The tail of the records, from the line containing "this 1280×853 image." through the final line, should be printed exactly and on its own.

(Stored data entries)
★ ★ ★ ★ ★
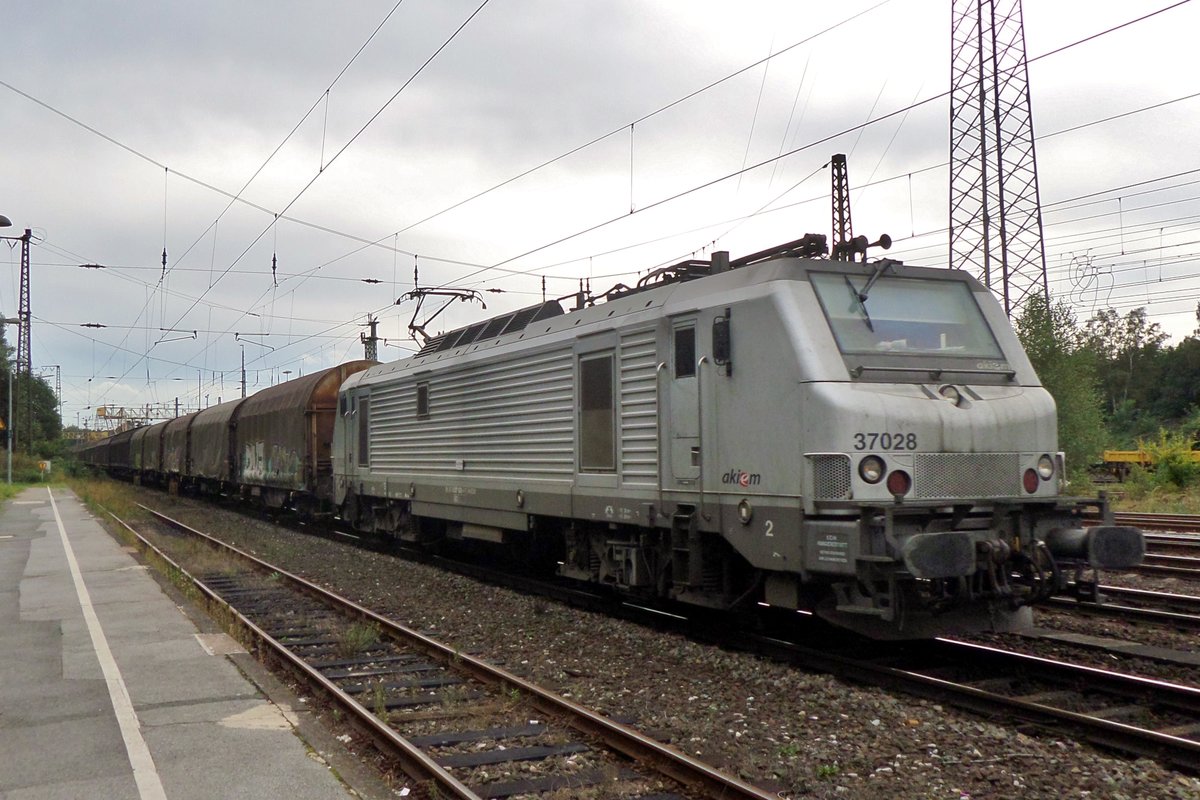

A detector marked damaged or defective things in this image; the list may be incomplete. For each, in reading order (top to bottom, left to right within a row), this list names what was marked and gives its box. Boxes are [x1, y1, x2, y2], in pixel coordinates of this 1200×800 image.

rusty freight wagon [231, 362, 370, 512]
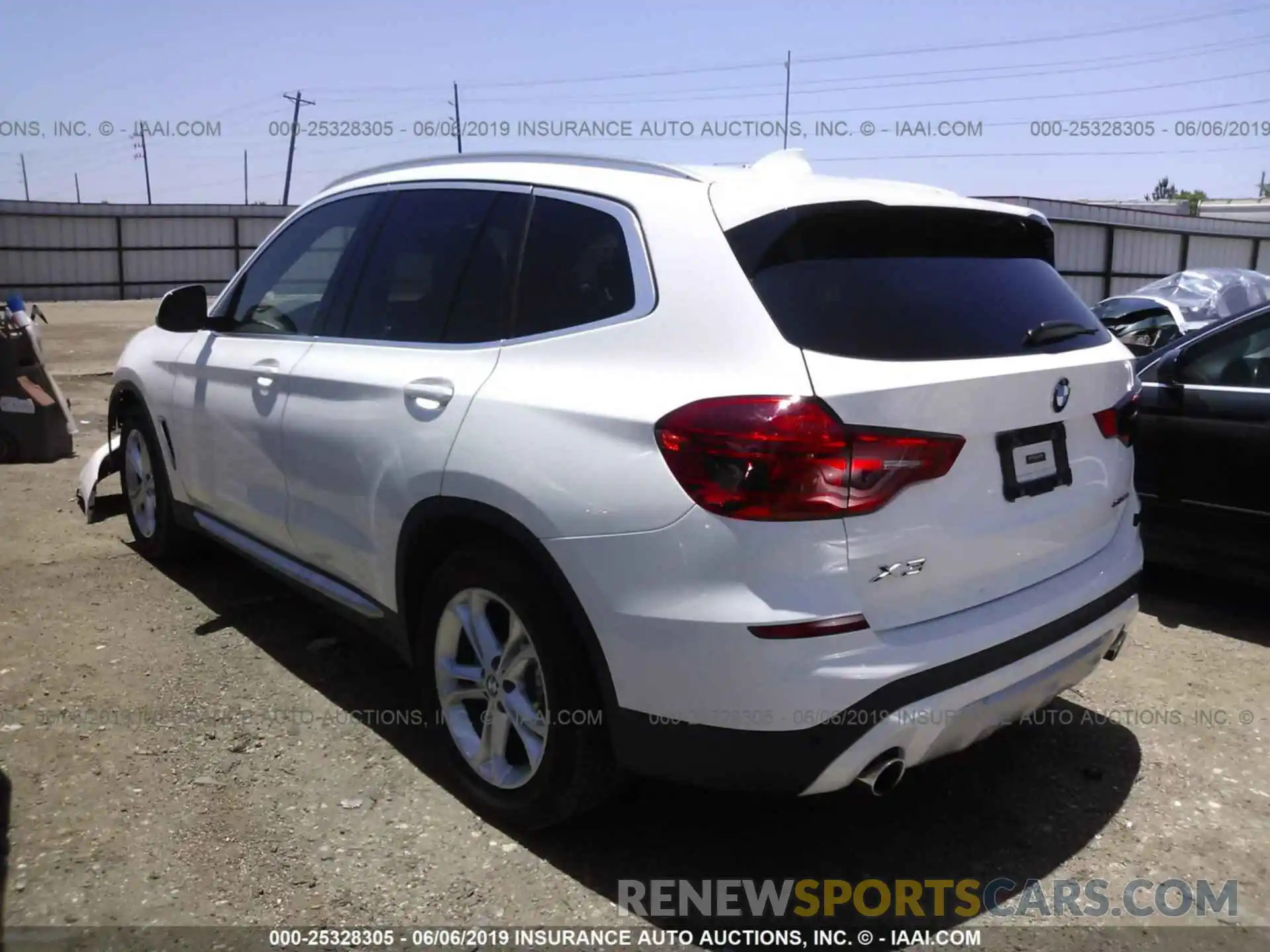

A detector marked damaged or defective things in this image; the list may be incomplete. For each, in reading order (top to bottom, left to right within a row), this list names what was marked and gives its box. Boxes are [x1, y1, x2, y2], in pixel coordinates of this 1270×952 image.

damaged front bumper [75, 436, 120, 524]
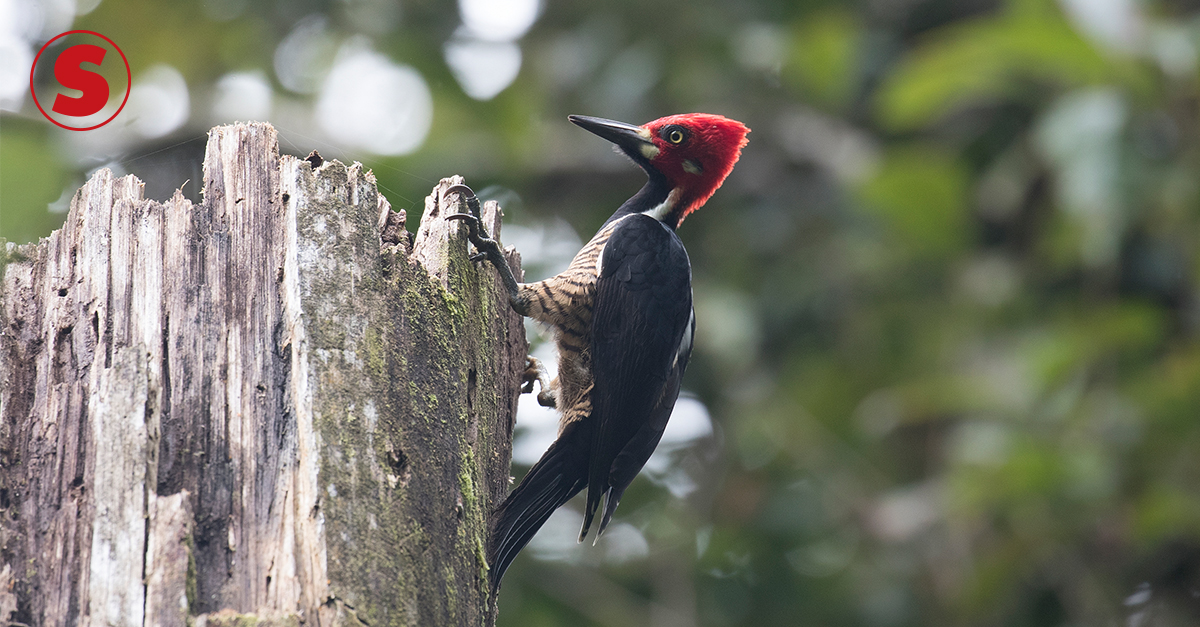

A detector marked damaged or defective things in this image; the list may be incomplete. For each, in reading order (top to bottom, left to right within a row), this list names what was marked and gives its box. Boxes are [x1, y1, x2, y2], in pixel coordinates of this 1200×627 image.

splintered wood [0, 121, 525, 624]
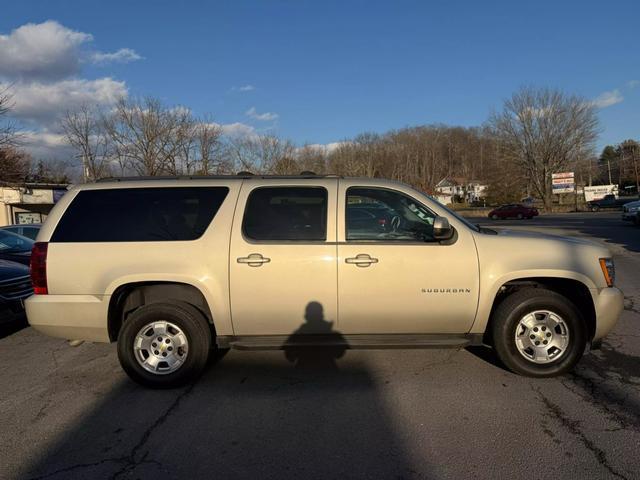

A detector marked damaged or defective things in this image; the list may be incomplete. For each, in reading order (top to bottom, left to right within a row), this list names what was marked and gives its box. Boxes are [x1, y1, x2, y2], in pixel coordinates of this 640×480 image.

crack in pavement [26, 382, 195, 480]
crack in pavement [536, 386, 632, 480]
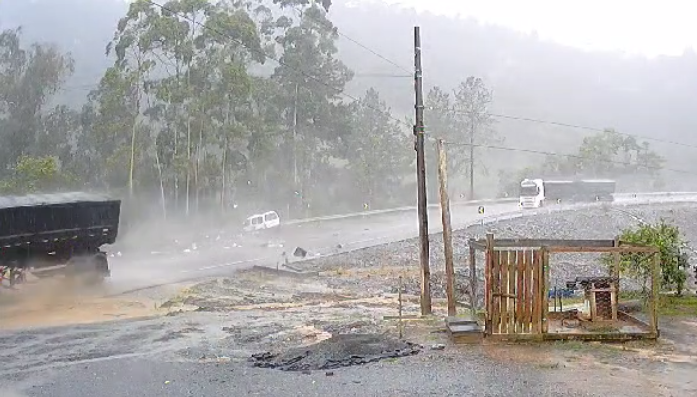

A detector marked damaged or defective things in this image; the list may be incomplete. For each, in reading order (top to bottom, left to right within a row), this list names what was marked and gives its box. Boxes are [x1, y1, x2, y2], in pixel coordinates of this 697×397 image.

overturned black truck [0, 191, 120, 284]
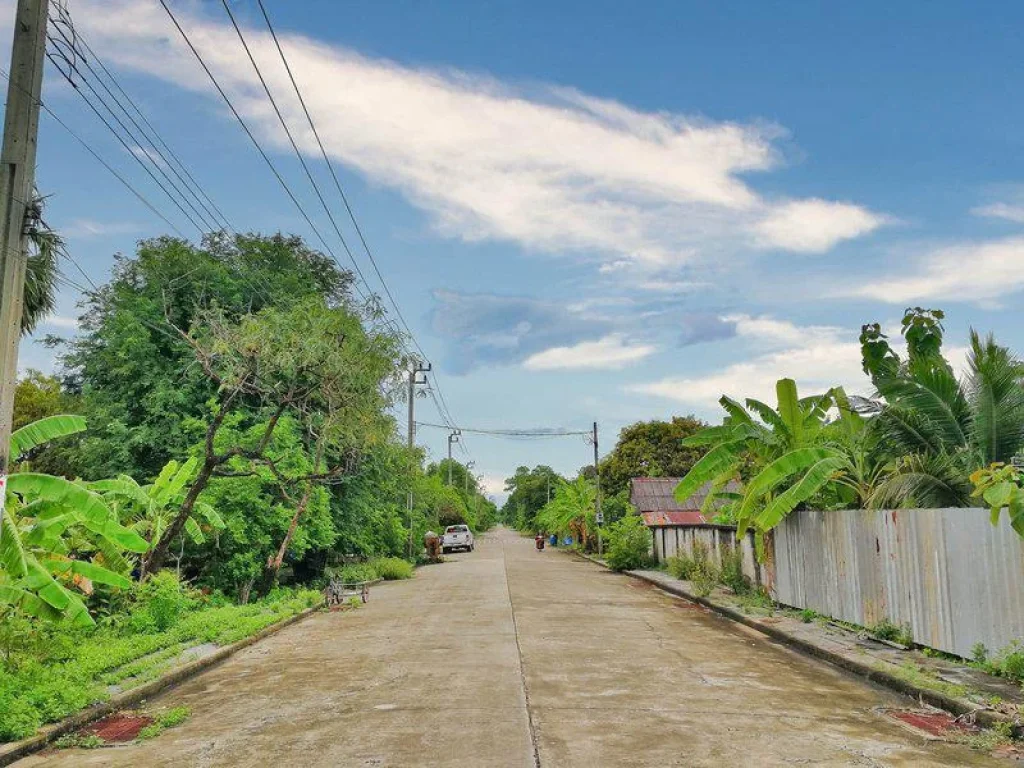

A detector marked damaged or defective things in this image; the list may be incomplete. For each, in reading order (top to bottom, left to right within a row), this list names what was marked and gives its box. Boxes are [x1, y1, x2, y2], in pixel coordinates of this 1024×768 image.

house with rusty roof [626, 479, 741, 561]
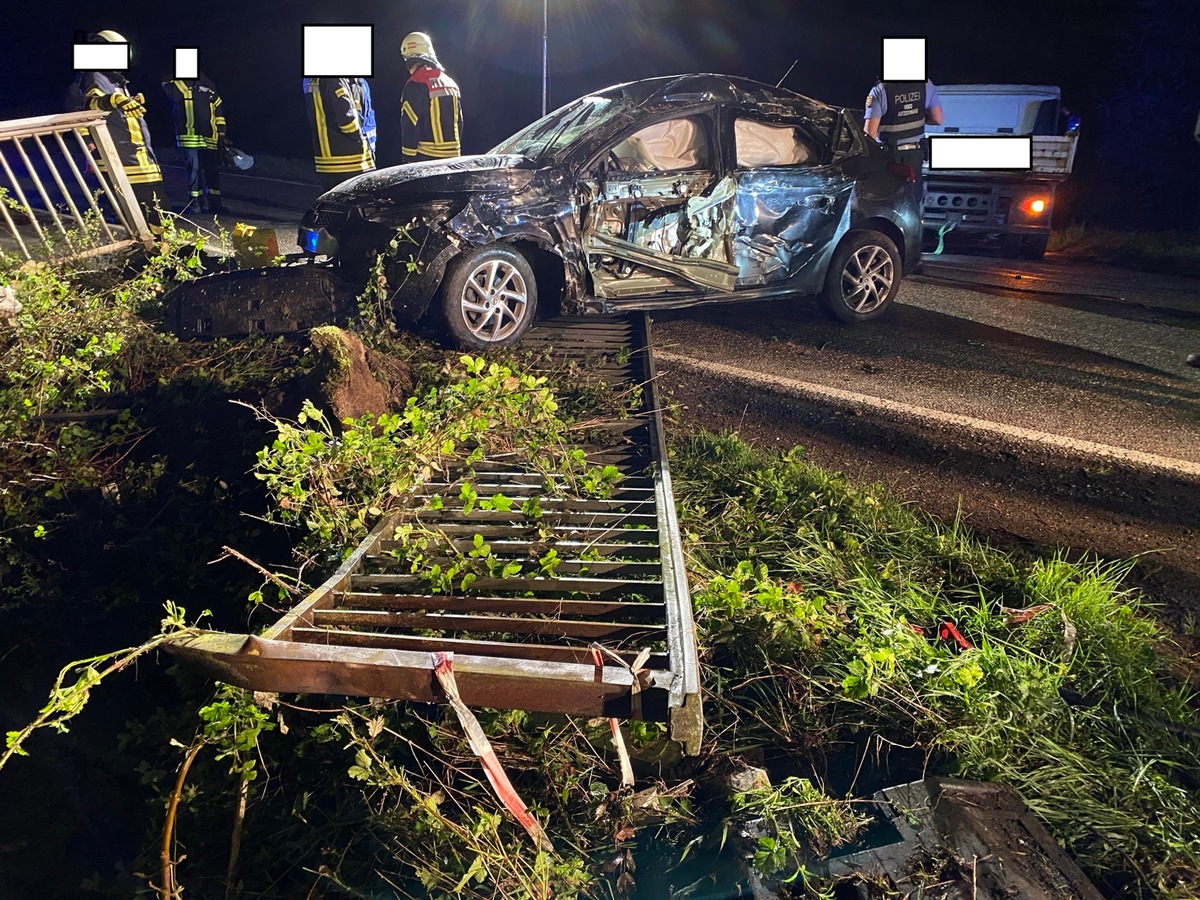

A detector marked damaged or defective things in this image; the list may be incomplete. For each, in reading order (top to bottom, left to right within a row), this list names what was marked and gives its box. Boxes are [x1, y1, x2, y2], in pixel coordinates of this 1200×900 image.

crumpled car hood [326, 156, 537, 205]
damaged car [297, 74, 916, 350]
shattered side window [609, 118, 710, 174]
crushed car door [580, 114, 739, 300]
shattered side window [729, 117, 816, 168]
crushed car door [729, 114, 854, 286]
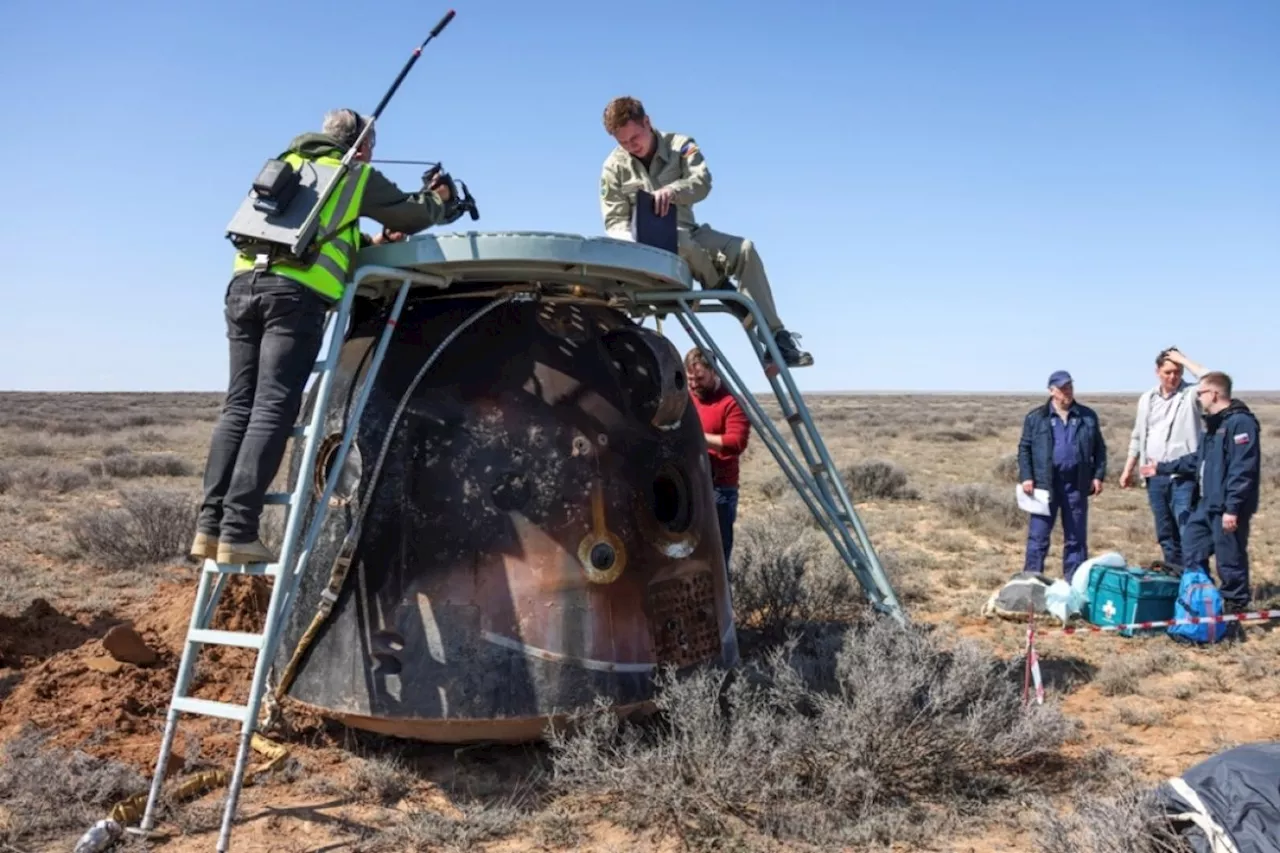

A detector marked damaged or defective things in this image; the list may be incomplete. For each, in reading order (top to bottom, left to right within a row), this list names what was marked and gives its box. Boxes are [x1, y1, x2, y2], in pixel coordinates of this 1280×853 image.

charred surface [277, 290, 742, 737]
★ ★ ★ ★ ★
Answer for the task:
A detector marked damaged or defective things in this image; the list may be incomplete. For each, in reading order (top to bottom, left to right within a row), this list names what was marked and gives its box. Boxes are [x1, y1, x2, y2], in pixel coordinates of this 1280×853 image.

charred surface [277, 290, 742, 737]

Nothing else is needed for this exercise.